Student / Course-based Assessment
The course-based assessment of students (homework assignments/exercises, exams, papers, projects) provides feedback to instructors regarding student-level mastery of learning objectives and the intentional course-based curricular organization. Individual instructors draw on this information as well as student course evaluations to make adjustments to course organization on an on-going basis. Faculty report on these efforts in their annual or periodic departmental review materials.
The Department of Sociology is also committed to the collection of data from students about their experiences in the program. We have begun the process of formalizing a feedback cycle regarding curricular reform that will incorporate the individual-level course information collected by instructors. In response to concerns raised by faculty teaching capstone courses, for example, a new course was developed (Sociology 310, Methodological Applications of Social Research) that standardized student academic preparation for the capstone course.

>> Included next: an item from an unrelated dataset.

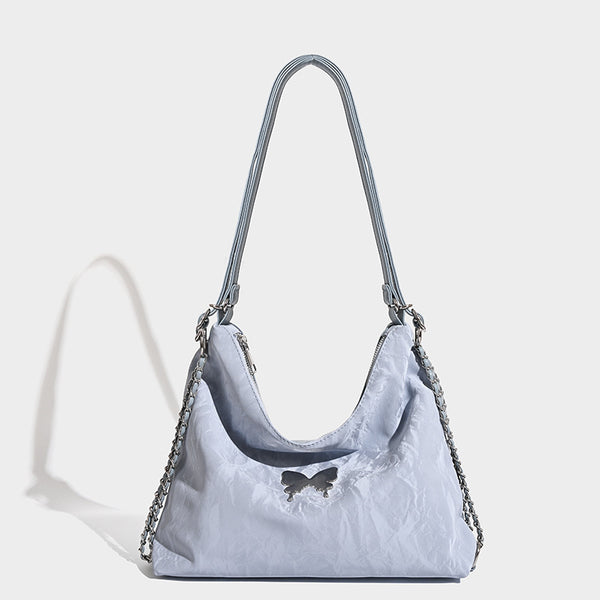Crinkle-finish hobo shoulder bag with silver-tone chain side panels and butterfly embellishment, front view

In addition to the student/course based assessment process, the Department has begun programmatic assessment. The first stage was the administration of an alumni survey (See Appendix 2). Several questions in this survey are intended to collect information that will feed back to the curricular organization of the department. We also intend to survey capstone instructors as to their impressions of the adequacy of student preparation for their capstone projects. This information will be used for feedback to instructors who can then modify their course expectations accordingly.
We also plan on instituting an on-line senior exit survey to obtain feedback from students directly about their perceptions of the educational experience that they have had as sociology majors. This survey will inquire about specific academic skills that have been acquired, instructional techniques, and the extent to which they perceive that their work as a sociology major has prepared them for their next experience (work, graduate school, other).
Relevant excerpts from the WWU Alumni Survey (2006) are included in the Appendix. We utilize the standard data collected on the Alumni survey as well as a special subset of questions for program assessment purposes.
Faculty and staff in the Sociology Department have devoted considerable effort to curricular reform and student advisement while maintaining active research agendas and professional involvement. We firmly believe that these activities are related synergistically, and contribute to making our department strong. We are committed to providing a very high level of instruction to our students. Sociology students acquire a very diverse set of skills, including verbal and written communication, technological facility, research literacy, and ability to reason through and formulate a coherent argument. The nature of our curriculum often involves a great deal of individual or small group student/faculty interaction, even as the number of our majors and minors has grown. The challenge for our faculty and staff is to meet the varied needs of our students while achieving our overall goals with limited staffing resources. We remain committed to delivering a high level of educational training while facilitating the movement of students through the major.
Students who graduate with a sociology degree are prepared for a wide range of careers, given the skills that they have acquired. Our program incorporates attention to writing, computation, and technological skills as well as research literacy. That is, students are not only trained to analyze published research, they engage in the process themselves. This allows them to become more informed citizens and more effective contributors to the workplace. Many of our students have pursued advanced degrees in a variety of fields, including sociology, social work, education, and psychology. Our students also work in a variety of fields. Although we have some data on our students’ post-graduation activities, we do not have confidence that the limited response rate of graduates to the questionnaires is representative of our graduates on average.